BEGIN Study material

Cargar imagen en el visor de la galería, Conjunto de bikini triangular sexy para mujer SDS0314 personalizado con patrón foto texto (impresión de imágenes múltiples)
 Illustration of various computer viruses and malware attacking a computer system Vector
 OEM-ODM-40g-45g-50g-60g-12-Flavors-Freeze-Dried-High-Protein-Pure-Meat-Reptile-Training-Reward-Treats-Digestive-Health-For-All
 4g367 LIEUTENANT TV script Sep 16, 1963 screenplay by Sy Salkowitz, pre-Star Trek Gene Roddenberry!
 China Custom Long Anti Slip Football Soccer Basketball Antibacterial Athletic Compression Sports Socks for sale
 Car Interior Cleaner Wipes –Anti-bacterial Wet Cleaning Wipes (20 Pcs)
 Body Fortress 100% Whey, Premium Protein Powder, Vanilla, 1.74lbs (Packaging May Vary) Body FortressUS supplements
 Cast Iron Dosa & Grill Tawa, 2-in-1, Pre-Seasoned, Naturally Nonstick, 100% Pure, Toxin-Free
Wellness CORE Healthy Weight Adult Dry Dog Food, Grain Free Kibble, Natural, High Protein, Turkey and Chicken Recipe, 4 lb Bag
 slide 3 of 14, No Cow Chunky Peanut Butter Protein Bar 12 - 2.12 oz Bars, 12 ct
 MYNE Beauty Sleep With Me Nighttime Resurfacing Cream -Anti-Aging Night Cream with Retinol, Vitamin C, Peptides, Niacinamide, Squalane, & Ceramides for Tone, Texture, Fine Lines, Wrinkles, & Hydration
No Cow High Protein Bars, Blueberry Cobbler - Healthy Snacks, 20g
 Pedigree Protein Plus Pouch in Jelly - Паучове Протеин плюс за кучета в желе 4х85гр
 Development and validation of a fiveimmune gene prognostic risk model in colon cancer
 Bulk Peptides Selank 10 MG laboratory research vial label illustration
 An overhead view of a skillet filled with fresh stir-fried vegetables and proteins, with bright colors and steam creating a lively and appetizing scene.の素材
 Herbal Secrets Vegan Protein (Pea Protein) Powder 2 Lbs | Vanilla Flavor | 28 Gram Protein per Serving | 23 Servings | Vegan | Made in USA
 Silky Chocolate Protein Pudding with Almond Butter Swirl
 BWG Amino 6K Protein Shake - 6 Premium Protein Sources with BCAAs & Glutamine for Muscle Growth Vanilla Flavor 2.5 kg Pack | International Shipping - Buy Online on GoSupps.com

END Study material

All lines above are to be transcribed exactly.

Cargar imagen en el visor de la galería, Conjunto de bikini triangular sexy para mujer SDS0314 personalizado con patrón foto texto (impresión de imágenes múltiples)
 Illustration of various computer viruses and malware attacking a computer system Vector
 OEM-ODM-40g-45g-50g-60g-12-Flavors-Freeze-Dried-High-Protein-Pure-Meat-Reptile-Training-Reward-Treats-Digestive-Health-For-All
 4g367 LIEUTENANT TV script Sep 16, 1963 screenplay by Sy Salkowitz, pre-Star Trek Gene Roddenberry!
 China Custom Long Anti Slip Football Soccer Basketball Antibacterial Athletic Compression Sports Socks for sale
 Car Interior Cleaner Wipes –Anti-bacterial Wet Cleaning Wipes (20 Pcs)
 Body Fortress 100% Whey, Premium Protein Powder, Vanilla, 1.74lbs (Packaging May Vary) Body FortressUS supplements
 Cast Iron Dosa & Grill Tawa, 2-in-1, Pre-Seasoned, Naturally Nonstick, 100% Pure, Toxin-Free
Wellness CORE Healthy Weight Adult Dry Dog Food, Grain Free Kibble, Natural, High Protein, Turkey and Chicken Recipe, 4 lb Bag
 slide 3 of 14, No Cow Chunky Peanut Butter Protein Bar 12 - 2.12 oz Bars, 12 ct
 MYNE Beauty Sleep With Me Nighttime Resurfacing Cream -Anti-Aging Night Cream with Retinol, Vitamin C, Peptides, Niacinamide, Squalane, & Ceramides for Tone, Texture, Fine Lines, Wrinkles, & Hydration
No Cow High Protein Bars, Blueberry Cobbler - Healthy Snacks, 20g
 Pedigree Protein Plus Pouch in Jelly - Паучове Протеин плюс за кучета в желе 4х85гр
 Development and validation of a fiveimmune gene prognostic risk model in colon cancer
 Bulk Peptides Selank 10 MG laboratory research vial label illustration
 An overhead view of a skillet filled with fresh stir-fried vegetables and proteins, with bright colors and steam creating a lively and appetizing scene.の素材
 Herbal Secrets Vegan Protein (Pea Protein) Powder 2 Lbs | Vanilla Flavor | 28 Gram Protein per Serving | 23 Servings | Vegan | Made in USA
 Silky Chocolate Protein Pudding with Almond Butter Swirl
 BWG Amino 6K Protein Shake - 6 Premium Protein Sources with BCAAs & Glutamine for Muscle Growth Vanilla Flavor 2.5 kg Pack | International Shipping - Buy Online on GoSupps.com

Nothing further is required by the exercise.